Dr. Marshall Summar, a leading medical geneticist and CEO of Uncommon Cures, a clinical site involved in the study, highlighted the therapy's potential. “The data generated to date suggest that nomlabofusp has the potential to meaningfully impact the underlying biology of the disease and translate into clinically relevant benefits,” he stated. “The clinical improvements observed so far are promising and mark a meaningful step toward what could become the first disease-modifying therapy for a patient population with significant unmet medical needs.”

Forging a Faster Path Through Regulatory Innovation

Breakthrough Therapy Designation is one of the FDA's most powerful tools for accelerating drug development. Reserved for drugs treating serious conditions that show substantial improvement over existing options in early trials, it provides more intensive FDA guidance and eligibility for a faster review timeline. Historically, this designation can shave years off the typical drug development process.

Crucially, Larimar also received continued positive signals from the FDA regarding its innovative clinical trial strategy during a recent meeting under the Support for Clinical Trials Advancing Rare Disease Therapeutics (START) pilot program. The agency reaffirmed its willingness to consider skin frataxin levels as a "surrogate endpoint"—a marker that is reasonably likely to predict clinical benefit. This is a pivotal agreement, as it allows the company to demonstrate the drug's effectiveness on a biological level without waiting years to measure long-term clinical outcomes, a major hurdle in slowly progressing rare diseases.

The FDA also endorsed Larimar's plan to use a matched reference population from the FACOMS database for comparing clinical endpoint data, further streamlining the path to a BLA submission.

“We are pleased to have continued engagement with the FDA on our planned BLA submission for nomlabofusp and we appreciate FDA’s thorough review of the preliminary clinical data,” said Dr. Carole Ben-Maimon, President and CEO of Larimar. She noted that this progress allows the company to focus on execution and preparing a robust data package for the planned submission.

A Clear Roadmap to Market and Beyond

With the FDA's backing, Larimar has laid out an ambitious but clear timeline. The company expects to release topline data from the open-label study that will support its BLA submission in the second quarter of 2026. In parallel, it plans to initiate screening for a global confirmatory Phase 3 study during the same quarter, with the first patient expected to be dosed by mid-2026.
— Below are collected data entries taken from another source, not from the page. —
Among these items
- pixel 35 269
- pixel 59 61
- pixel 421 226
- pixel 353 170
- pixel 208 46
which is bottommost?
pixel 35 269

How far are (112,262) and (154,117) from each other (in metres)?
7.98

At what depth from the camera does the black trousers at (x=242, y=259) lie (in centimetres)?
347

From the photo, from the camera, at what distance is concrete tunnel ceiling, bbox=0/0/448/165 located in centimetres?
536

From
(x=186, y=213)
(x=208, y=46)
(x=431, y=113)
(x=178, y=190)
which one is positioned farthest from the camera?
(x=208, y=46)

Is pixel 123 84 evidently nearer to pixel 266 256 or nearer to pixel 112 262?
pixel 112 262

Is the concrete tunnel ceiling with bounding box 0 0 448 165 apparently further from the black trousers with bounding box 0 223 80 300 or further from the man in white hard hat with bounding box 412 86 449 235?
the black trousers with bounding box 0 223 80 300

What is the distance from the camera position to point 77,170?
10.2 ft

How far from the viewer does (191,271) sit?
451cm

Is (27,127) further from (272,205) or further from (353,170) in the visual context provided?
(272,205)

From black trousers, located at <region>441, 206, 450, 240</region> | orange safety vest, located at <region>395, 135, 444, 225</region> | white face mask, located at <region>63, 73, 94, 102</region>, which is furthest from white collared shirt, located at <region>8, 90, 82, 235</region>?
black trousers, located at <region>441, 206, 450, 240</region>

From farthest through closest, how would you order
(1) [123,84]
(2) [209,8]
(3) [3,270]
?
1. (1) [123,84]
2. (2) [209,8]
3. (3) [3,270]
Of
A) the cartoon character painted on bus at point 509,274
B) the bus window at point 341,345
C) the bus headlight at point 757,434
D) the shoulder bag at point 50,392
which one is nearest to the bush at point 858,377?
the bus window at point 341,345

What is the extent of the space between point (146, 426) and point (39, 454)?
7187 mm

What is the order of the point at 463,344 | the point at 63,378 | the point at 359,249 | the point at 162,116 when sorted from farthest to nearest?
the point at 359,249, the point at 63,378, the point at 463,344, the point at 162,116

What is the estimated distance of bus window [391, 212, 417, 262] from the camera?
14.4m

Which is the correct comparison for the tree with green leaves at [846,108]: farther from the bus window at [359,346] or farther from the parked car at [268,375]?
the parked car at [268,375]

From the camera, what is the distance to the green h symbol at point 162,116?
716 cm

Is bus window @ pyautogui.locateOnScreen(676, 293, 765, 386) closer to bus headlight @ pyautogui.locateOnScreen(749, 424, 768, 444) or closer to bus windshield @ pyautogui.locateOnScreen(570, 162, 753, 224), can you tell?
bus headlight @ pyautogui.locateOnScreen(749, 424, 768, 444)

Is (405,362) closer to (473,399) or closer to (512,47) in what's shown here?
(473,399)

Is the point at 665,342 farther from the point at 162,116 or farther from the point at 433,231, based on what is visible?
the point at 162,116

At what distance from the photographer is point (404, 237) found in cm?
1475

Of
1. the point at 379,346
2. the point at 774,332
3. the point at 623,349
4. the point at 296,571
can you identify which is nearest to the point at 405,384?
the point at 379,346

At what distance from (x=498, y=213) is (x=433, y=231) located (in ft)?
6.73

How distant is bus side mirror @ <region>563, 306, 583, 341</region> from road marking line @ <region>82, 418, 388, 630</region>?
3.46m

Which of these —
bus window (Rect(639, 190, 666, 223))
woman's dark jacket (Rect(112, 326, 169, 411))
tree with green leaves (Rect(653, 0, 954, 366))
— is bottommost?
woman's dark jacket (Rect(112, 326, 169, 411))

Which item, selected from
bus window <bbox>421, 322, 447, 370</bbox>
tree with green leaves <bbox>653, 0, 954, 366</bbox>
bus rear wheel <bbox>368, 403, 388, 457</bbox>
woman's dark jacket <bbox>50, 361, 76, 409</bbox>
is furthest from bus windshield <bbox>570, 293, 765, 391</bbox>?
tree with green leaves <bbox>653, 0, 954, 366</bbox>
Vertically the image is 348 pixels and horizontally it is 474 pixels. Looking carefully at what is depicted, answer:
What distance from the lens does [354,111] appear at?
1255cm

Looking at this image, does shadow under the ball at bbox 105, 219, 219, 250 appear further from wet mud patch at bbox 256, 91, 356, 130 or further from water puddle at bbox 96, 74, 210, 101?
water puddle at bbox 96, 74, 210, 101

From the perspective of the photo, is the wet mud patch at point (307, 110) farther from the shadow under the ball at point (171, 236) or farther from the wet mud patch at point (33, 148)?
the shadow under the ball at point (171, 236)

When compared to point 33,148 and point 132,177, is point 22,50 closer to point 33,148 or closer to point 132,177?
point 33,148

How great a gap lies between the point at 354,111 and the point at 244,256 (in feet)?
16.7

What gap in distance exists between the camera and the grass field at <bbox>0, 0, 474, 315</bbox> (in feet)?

This confirmatory trial will run concurrently with the BLA review, a strategy aligned with the FDA's guidance for accelerated approval pathways. The planned BLA submission for accelerated approval remains on track for June 2026. If all goes well and the FDA grants approval, a U.S. launch of nomlabofusp is targeted for the first half of 2027.

While the competitive landscape for FA treatments is growing, with several companies pursuing gene therapies and other modalities, nomlabofusp's direct protein-replacement approach is unique. The recent regulatory validation places Larimar in a strong position to potentially deliver a foundational therapy for a community that has been waiting for decades for a treatment that targets the heart of their disease.